Les membres du Collectif TANY vous adressent leurs meilleurs vœux pour l’année 2015.

L’année 2014 avait démarré avec une vague d’espoir : celle d’une amélioration des conditions de vie pour les Malgaches après la tenue des élections présidentielles et législatives. Un an après, il nous semble important de revenir sur les principaux faits marquants dans le secteur du Foncier et de mesurer leur impact sur les décisions à venir.

Quelles sont ces terres malgaches ‘disponibles’ ?

D’emblée, les tous premiers pas du nouveau président élu malgache ont suscité une profonde inquiétude quant à ses intentions dans le domaine du Foncier. Lors de trois déplacements en France, en Afrique du Sud et en Israël, son équipe a lancé des appels insistants aux investisseurs pour occuper les “18 millions d’ha de terres arables disponibles” à Madagascar [1].

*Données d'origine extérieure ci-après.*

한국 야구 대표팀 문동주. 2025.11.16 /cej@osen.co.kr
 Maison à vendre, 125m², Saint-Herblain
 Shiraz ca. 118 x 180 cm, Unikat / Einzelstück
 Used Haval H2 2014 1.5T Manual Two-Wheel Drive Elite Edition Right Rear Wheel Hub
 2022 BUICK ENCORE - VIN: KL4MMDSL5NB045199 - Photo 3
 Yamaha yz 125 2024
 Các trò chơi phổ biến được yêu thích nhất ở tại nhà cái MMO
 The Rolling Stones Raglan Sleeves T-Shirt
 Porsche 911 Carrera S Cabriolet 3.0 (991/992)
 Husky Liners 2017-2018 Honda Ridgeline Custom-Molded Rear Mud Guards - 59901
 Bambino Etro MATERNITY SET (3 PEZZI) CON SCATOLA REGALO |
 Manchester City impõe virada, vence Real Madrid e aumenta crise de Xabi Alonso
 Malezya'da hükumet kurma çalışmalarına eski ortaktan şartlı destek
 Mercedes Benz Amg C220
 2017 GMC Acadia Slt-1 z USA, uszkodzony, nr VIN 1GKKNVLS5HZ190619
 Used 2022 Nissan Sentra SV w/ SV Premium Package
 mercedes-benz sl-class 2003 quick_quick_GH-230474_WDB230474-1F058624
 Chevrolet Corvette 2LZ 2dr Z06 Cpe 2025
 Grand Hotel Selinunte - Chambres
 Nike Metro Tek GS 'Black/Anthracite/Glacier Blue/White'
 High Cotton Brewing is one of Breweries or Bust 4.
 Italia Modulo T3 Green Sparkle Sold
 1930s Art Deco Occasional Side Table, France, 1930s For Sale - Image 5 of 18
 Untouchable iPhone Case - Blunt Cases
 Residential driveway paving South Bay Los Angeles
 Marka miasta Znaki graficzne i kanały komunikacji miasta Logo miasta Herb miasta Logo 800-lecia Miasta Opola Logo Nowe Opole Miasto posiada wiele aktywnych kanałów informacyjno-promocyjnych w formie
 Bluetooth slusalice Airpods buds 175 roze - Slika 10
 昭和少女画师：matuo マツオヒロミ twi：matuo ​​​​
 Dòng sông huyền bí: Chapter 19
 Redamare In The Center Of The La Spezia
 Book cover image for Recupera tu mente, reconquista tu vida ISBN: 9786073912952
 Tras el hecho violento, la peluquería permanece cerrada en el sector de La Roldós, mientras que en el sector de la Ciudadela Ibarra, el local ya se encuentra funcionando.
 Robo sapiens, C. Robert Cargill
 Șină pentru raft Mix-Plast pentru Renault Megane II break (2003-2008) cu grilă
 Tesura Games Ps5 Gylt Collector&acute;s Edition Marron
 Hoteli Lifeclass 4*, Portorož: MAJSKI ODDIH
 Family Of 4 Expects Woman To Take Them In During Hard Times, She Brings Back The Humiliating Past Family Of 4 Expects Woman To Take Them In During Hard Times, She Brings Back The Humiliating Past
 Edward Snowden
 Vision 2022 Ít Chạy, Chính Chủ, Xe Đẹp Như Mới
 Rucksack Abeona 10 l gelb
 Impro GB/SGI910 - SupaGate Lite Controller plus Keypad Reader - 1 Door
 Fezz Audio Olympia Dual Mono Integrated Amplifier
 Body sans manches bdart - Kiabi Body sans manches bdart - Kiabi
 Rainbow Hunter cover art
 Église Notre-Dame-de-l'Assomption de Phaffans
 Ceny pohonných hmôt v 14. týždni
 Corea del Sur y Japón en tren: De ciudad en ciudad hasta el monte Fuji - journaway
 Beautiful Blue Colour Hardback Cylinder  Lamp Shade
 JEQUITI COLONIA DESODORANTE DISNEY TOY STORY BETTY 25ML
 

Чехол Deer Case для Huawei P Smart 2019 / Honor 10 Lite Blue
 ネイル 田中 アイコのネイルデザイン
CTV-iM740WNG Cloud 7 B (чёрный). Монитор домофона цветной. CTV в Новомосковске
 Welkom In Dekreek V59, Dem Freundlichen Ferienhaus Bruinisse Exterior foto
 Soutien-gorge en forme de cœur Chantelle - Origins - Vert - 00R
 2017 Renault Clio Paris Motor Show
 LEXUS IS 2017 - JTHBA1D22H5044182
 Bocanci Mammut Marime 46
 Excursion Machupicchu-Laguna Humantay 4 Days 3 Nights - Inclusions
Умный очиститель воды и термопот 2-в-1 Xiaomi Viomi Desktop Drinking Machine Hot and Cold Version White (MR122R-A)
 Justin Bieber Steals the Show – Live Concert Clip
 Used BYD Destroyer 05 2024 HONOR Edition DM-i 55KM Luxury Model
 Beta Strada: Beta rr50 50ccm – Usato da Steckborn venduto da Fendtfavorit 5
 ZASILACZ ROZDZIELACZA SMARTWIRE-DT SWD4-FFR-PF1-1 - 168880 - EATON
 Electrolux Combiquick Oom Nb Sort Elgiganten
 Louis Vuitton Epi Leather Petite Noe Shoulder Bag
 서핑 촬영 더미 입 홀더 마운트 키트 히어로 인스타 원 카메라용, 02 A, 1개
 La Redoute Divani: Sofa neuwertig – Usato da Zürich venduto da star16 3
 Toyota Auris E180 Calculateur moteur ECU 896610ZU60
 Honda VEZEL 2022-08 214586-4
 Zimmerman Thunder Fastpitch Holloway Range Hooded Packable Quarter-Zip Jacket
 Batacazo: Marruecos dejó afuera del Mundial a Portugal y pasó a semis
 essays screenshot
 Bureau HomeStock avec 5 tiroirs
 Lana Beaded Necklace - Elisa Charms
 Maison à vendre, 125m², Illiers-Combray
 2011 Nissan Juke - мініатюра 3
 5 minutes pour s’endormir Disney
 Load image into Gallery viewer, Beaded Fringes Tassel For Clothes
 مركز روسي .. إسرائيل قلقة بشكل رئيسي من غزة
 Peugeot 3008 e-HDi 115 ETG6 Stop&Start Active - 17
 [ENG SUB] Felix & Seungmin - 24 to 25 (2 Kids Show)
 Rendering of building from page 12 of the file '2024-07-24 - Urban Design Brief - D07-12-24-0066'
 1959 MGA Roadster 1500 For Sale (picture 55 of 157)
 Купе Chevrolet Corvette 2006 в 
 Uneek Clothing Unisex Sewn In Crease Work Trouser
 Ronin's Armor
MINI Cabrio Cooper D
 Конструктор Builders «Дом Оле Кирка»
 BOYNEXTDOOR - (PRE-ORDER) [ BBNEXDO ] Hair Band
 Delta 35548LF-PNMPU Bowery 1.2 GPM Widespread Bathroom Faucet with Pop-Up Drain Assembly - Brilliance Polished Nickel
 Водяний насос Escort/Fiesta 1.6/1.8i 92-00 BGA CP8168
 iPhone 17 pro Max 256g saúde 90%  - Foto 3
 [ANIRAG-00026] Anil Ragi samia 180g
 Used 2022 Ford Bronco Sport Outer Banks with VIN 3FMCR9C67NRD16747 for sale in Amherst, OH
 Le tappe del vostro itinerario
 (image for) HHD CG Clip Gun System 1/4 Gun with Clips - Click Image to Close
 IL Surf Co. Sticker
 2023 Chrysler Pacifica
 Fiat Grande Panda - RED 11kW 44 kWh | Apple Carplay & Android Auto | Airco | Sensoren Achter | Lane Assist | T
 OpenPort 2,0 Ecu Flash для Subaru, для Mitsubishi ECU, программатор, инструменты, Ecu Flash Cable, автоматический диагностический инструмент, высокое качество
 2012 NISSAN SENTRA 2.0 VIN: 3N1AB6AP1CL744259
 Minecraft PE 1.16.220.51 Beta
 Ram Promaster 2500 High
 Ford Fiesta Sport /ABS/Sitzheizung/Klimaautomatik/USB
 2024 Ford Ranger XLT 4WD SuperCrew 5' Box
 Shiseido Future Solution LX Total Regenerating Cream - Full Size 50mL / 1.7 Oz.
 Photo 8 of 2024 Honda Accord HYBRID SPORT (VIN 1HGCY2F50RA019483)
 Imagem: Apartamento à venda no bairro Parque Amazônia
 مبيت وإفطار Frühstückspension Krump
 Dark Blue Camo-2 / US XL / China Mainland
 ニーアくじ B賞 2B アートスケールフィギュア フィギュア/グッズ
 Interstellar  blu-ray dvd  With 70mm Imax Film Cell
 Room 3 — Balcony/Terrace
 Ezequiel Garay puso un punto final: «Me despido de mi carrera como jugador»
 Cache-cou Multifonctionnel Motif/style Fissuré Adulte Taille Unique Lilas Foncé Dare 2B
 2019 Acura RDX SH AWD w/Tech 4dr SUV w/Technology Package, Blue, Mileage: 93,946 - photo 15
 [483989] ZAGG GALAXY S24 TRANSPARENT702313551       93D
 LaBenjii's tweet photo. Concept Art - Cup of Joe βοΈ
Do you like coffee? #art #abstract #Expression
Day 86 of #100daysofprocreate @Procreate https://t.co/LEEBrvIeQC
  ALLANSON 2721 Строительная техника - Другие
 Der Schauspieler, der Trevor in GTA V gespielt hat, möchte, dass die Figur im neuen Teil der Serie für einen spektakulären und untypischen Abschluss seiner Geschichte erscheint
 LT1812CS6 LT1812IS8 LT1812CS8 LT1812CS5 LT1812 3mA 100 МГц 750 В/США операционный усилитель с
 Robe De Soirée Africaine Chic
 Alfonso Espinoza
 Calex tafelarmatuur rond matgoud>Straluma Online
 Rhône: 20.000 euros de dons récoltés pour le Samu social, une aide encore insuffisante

Ces faits ont provoqué à Madagascar et dans le monde des réactions d’indignation : des terres « disponibles pour qui ? ». De plus, la superficie évoquée a soulevé de sérieux doutes. Comment a été évaluée cette superficie ? Les données d’origine satellitaire peuvent manquer de précision, d’autres méthodes peuvent surestimer l’étendue des terres « cultivables » [2]. On qualifie quelquefois de “disponibles” des terres qui sont en réalité occupées par des familles ou utilisées comme pâturages par des communautés locales.

Transparence et redevabilité

En juillet 2014, un arrêté a suspendu jusqu’au 31 décembre l’attribution de terrains du domaine privé de l’Etat, titré ou non titré, quel que soit le mode de cession, au profit des personnes privées, ainsi que toute attribution au profit de particuliers d’immeubles communaux, régionaux et provinciaux [3]. La raison invoquée : un inventaire du domaine privé de l’Etat en cours de réalisation.

Mais en octobre, des participants à un Forum dans le cadre de la semaine du Foncier à Antananarivo se demandaient si le développement de la notion de « réserves foncières » par une responsable du Ministère de l’Aménagement du territoire ne visait pas une préparation de l’opinion publique à une attribution massive de terrains à des investisseurs nationaux et étrangers. Dès la mi-décembre, la promotion des terres auprès des investisseurs a repris et des appels à manifestations d’intérêts ont été lancés [4].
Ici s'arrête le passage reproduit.